State Farm argued it had no liability to the defendants for any judgment in excess of the $100,000 since the undisputed evidence showed that the tortfeasor was acting in the line and scope of his employment with the municipality at the time the accident occurred and the municipal damages cap found in Alabama Code §11-93-2 applied, as a matter of law, to municipal employees acting in the line and scope of their municipal employment.
The municipal damages cap set forth above was held constitutional by the Alabama Supreme Court in Home Indemnity Co. v. Anders, 459 So.2d 836, 841 (Ala. 1984). In Causey, the Court held that the defendants had already received what they were “legally entitled to recover” as a result of the accident and affirmed the judgment in favor of State Farm.
The same issue was presented in the case of Kendall v. United Services Auto. Ass’n, 23 So.3d 119 (Ala. 2009), where the meaning of the phrase “legally entitled to recover” was discussed. The Alabama Supreme Court, in discussing its prior decision in Ex parte Carlton, 867 So. 2d 332 (Ala. 2003), held that “[t]oday we return to the point from which this Court never should have departed – the language of the statute.

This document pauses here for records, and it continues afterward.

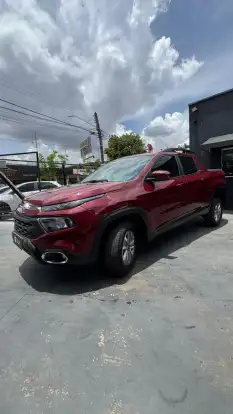 FIAT-TORO-2019
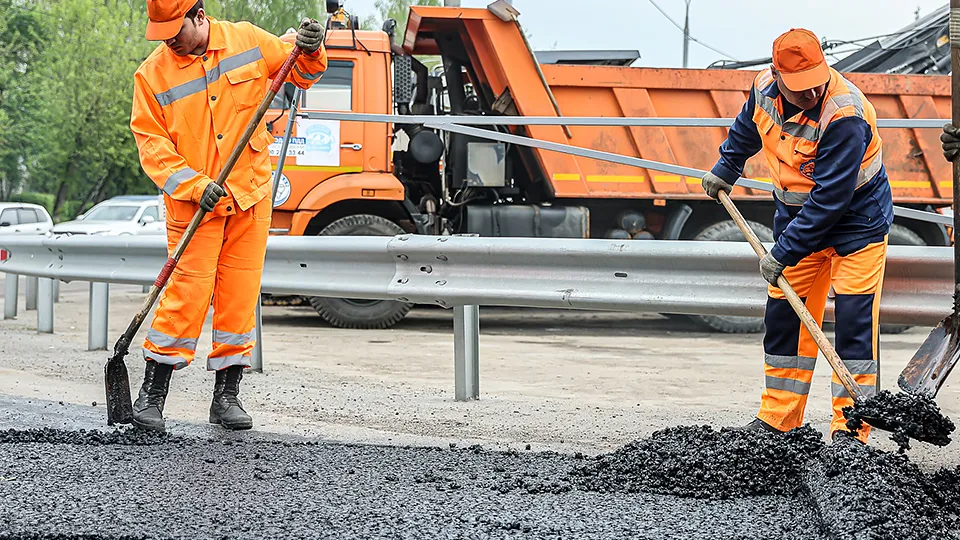 Фото: медиасток.рф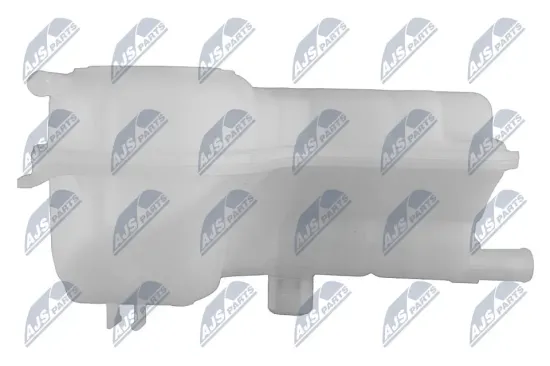 Ausgleichsbehälter, Kühlmittel NTY CZW-AU-019 Bild Ausgleichsbehälter, Kühlmittel NTY CZW-AU-019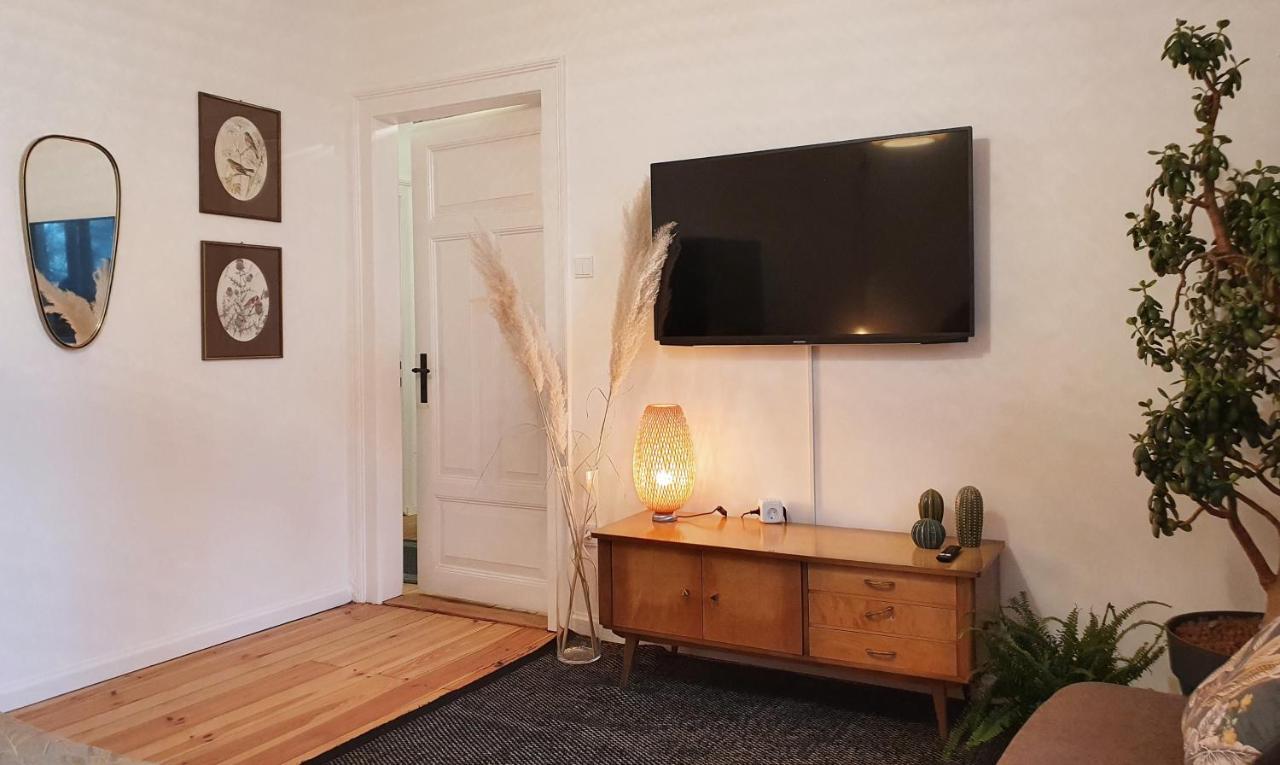 Apartment Zentral In Coburg: Exklusive Stadtwohnung - Ideal Fuer Gruppen Coburg
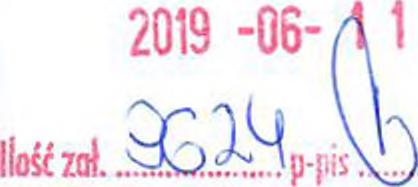 RCB - Jak przetrwać upały.(4937843_5694066j.jpg 4.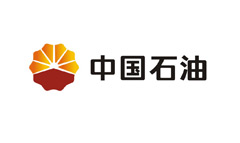 凯时管业战略同伴-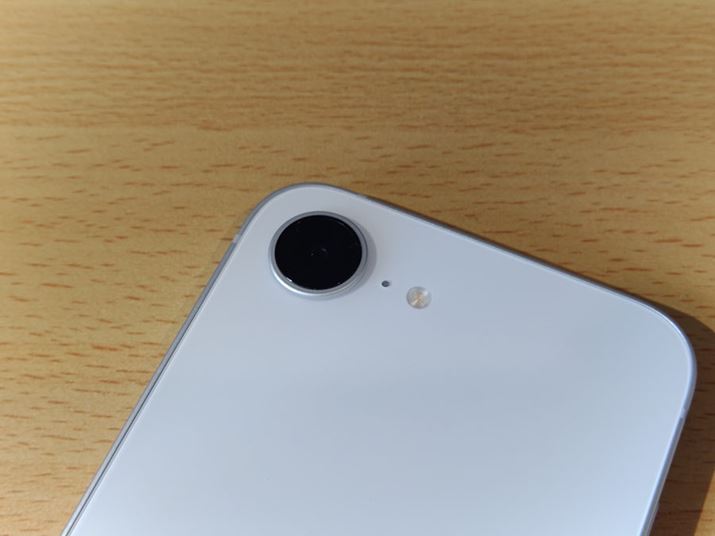  4800fFusioñVOJ𓋍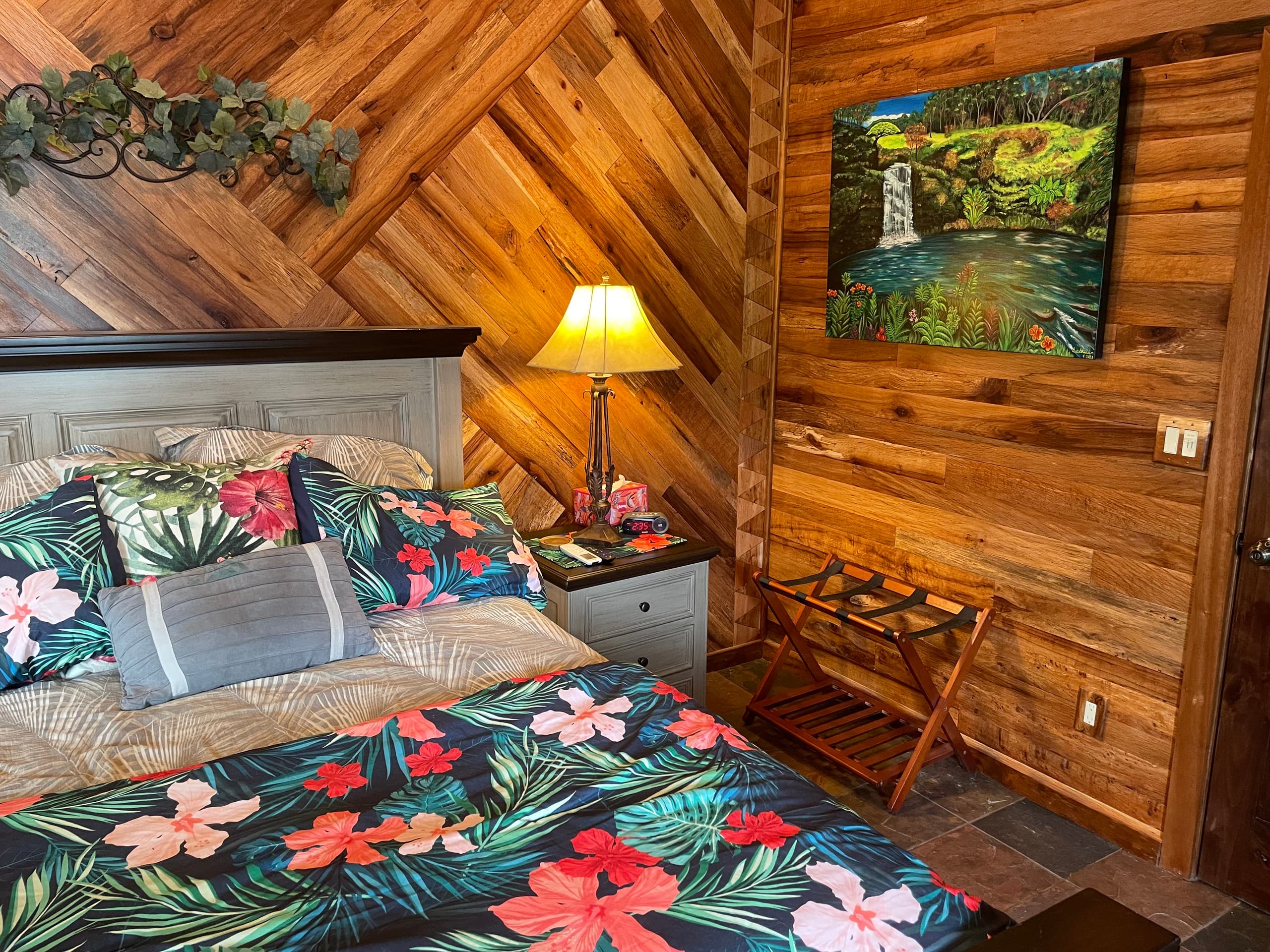 Magic Skies Top Floor Dream - Photo 15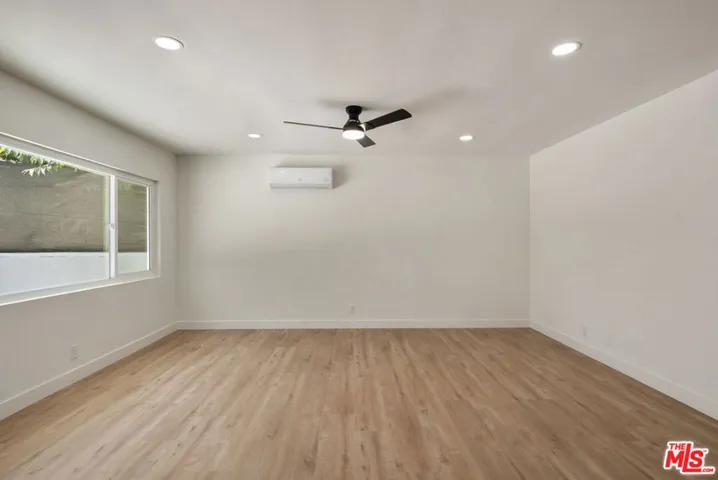 2250 Kays Avenue, Rosemead, California 91770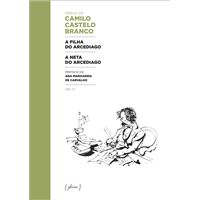 Onde Está A Felicidade?: Romance (Classic Reprint) (Portuguese Edition) :  Camilo Castelo Branco: : Libros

The language of the uninsured-motorist statute is plain and unambiguous.” Kendall at 1112. In Kendall, the Alabama Supreme Court agreed with the holding in Causey, refused to expand the meaning of “legally entitled to recover” and affirmed the lower court’s ruling that the insured was not legally entitled to recover damages from the county beyond the statutory cap she already received through settlement, and, thus, was not entitled to UIM benefits.
With the decisions of Causey and Kendall controlling, the statutory cap on recovery is preserved.